The airline looks to rebound from Valentine’s Day debacle.

By STEVE HUETTEL
Published February 20, 2007


Can JetBlue Airways win back the image of a good-guy airline by paying customers when it messes up?

That’s the idea at the heart of a customer Bill of Rights introduced Tuesday by JetBlue. The airline set itself apart from competitors by publicly committing to compensate passengers for specific kinds of flight disruptions. No other airline jumped in with a competitive policy by evening.

The company Bill of Rights comes in the wake of a service meltdown that began Valentine’s Day as bad weather left passengers stuck on planes as long as 10 hours.

Even worse was JetBlue’s failure to bounce back, with more than 1,000 flights canceled and thousands of passengers stranded through President’s Day weekend.

In a video on JetBlue’s Web site, chief executive David Neeleman called the week “the most difficult time in our history.’’ He outlined plans to beef up airport staffing and improve procedures to keep service disruptions from stretching beyond one day.

But if the maverick low-fare airline doesn’t perform, Neeleman said, JetBlue will suffer financial consequences under the new bill.

Departing passengers who experience ground delays of three to four hours will receive a $100 voucher for future travel. Those stuck for more than four hours will get a voucher worth the price of their round-trip ticket.

Customers whose planes land but can’t taxi to the gate within 30 minutes will receive a $25 voucher. The value of vouchers increases by the length of the delay: $100 for one to two hours, the price of a traveler’s one-way trip for two to three hours, and the round-trip price for more than four hours.

If JetBlue cancels a flight within 12 hours of the scheduled departure time, customers can receive a full refund. They also will get a voucher worth their round-trip ticket price if the cancellation is JetBlue’s fault (not caused by weather or air traffic delays).

Other airlines hand out travel vouchers for flight disruptions, typically at the discretion of airport supervisors or reservations center managers.

The airline estimated the weeklong problem cost $30-million, including what it plans to give customers retroactively under the new bill.
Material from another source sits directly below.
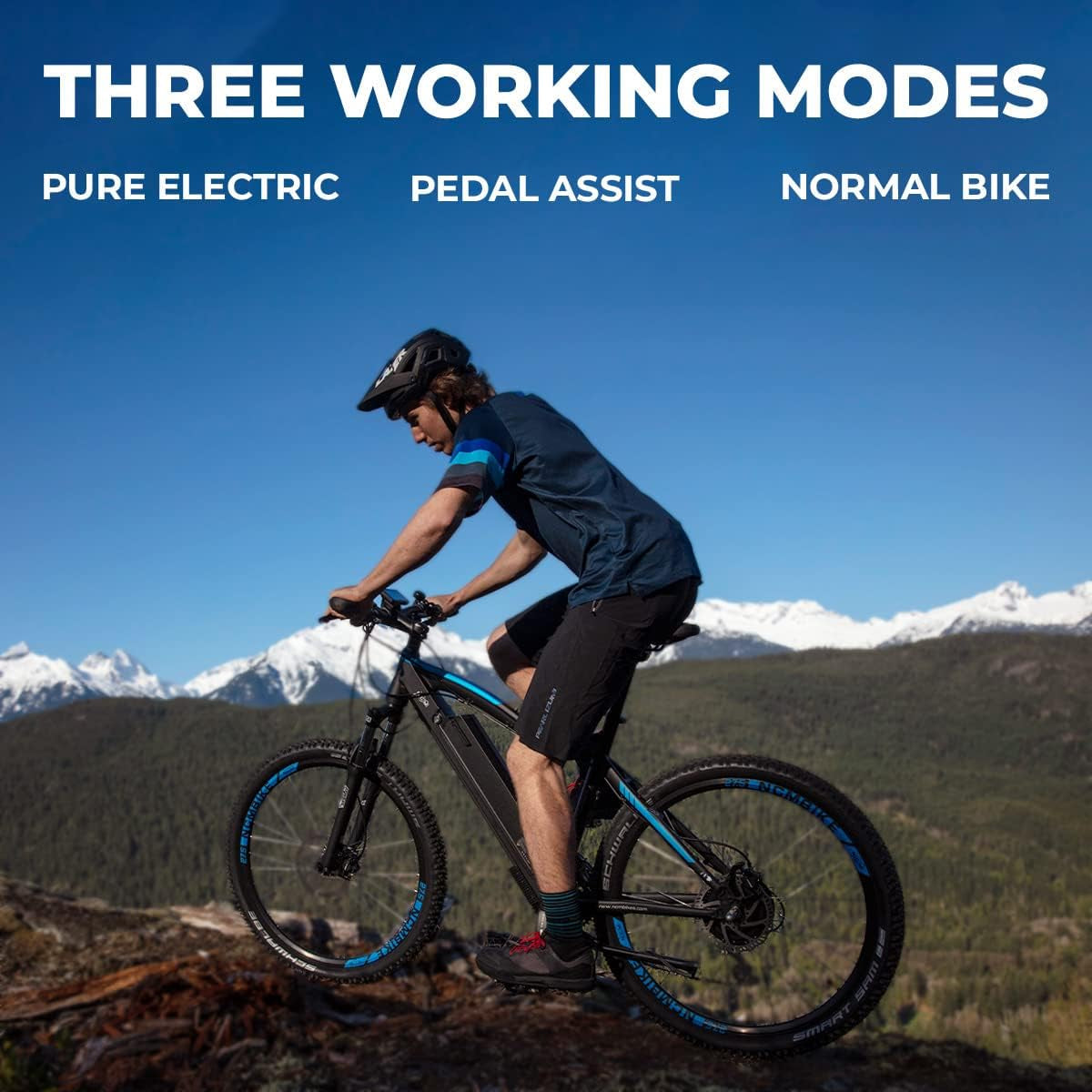 Moscow plus Electric Mountain Bike E Bike for Adults, 750W Powerful Hub Motor, 48V768Wh Large Removable Battery, USB Port, Hydraulic Disc Brake, 24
Neeleman didn’t think the policy would be “a meaningful expense’’ in the future and could attract new travelers.

JetBlue rode a customer-friendly persona to success since launching in 2000. The airline earned rave reviews with brand-new Airbus jets, cheap fares, individual TVs, cheery flight attendants and quirky billboards with messages such as “We Like You, too.’’
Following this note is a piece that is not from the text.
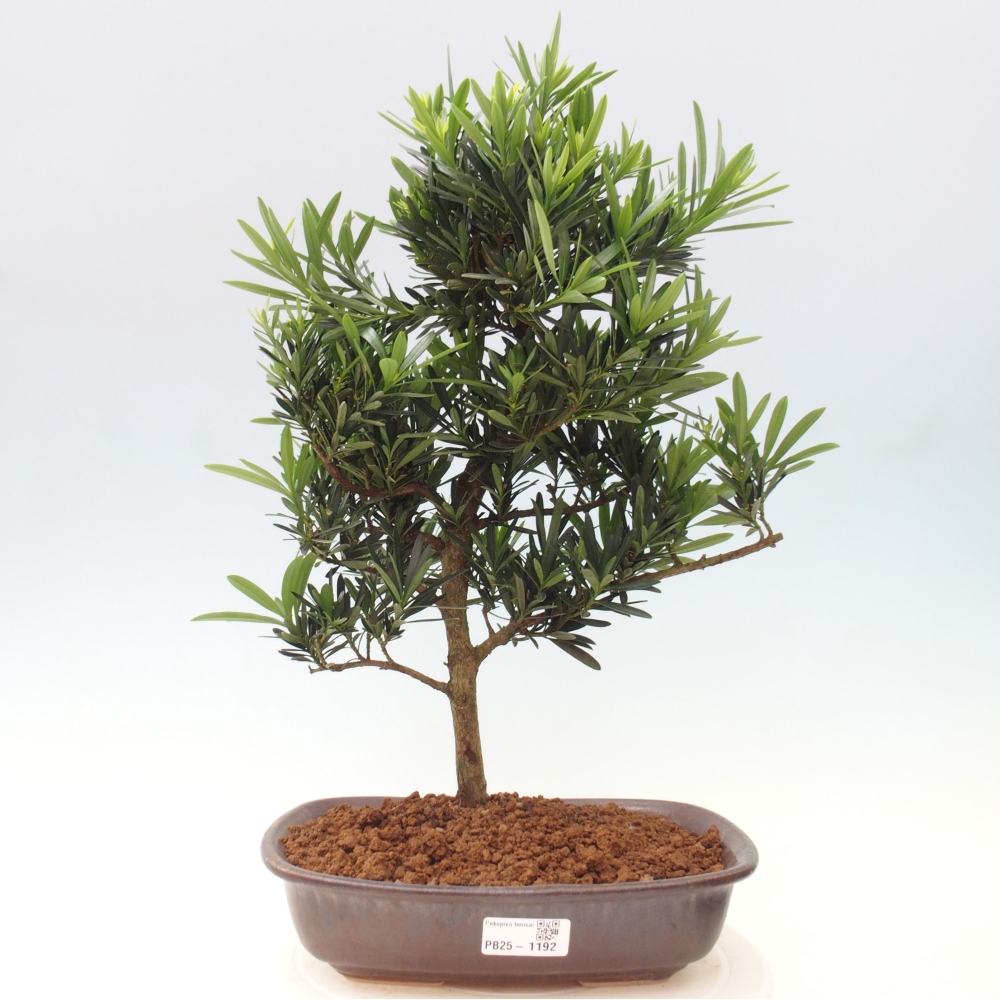 Kryty bonsai - Podocarpus - Kamienny tys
That’s largely why the last week’s problems attracted so much attention, says Darryl Jenkins, an airline consultant in northern Virginia. “JetBlue is different,’’ he says. “We expect more.’’

JetBlue had a policy of completing delayed flights instead of  cancelling them. The idea was that passengers would rather get where they’re going late than wait a day. The policy contributed to JetBlue’s poor on-time performance, dead last among major airlines last year.

It also worked against the airline last week at JetBlue’s big terminal at JFK International Airport in New York. Airline officials admitted they waited too long to let passengers off planes, hoping the weather would clear.

Experts had warned that JetBlue was expanding too fast. There were too few reservations agents to handle unhappy customers, Neeleman acknowledged,  and not enough staff to reschedule flight crews during disruptions.

“I always thought this was a disaster waiting to happen,’’ said Jenkins.

Most experts, however, say the airline built a strong enough bond with customers that they’ll give JetBlue another chance.

Aviation consultant Stuart Klaskin remembers watching JetBlue president David Barger get off a flight in Fort Lauderdale in the airline’s first months and position himself at the door.

The plane from New York had to stop en route so a passenger who suffered a diabetic incident could receive help.

Barger apologized to each passenger for the delay, handed out his phone number and told them to call his secretary to book a free flight.

Another airline’s executive watched aghast. “How can we compete with that?’’ he asked. With ideas like a Bill of Rights, JetBlue competitors might be asking the question again.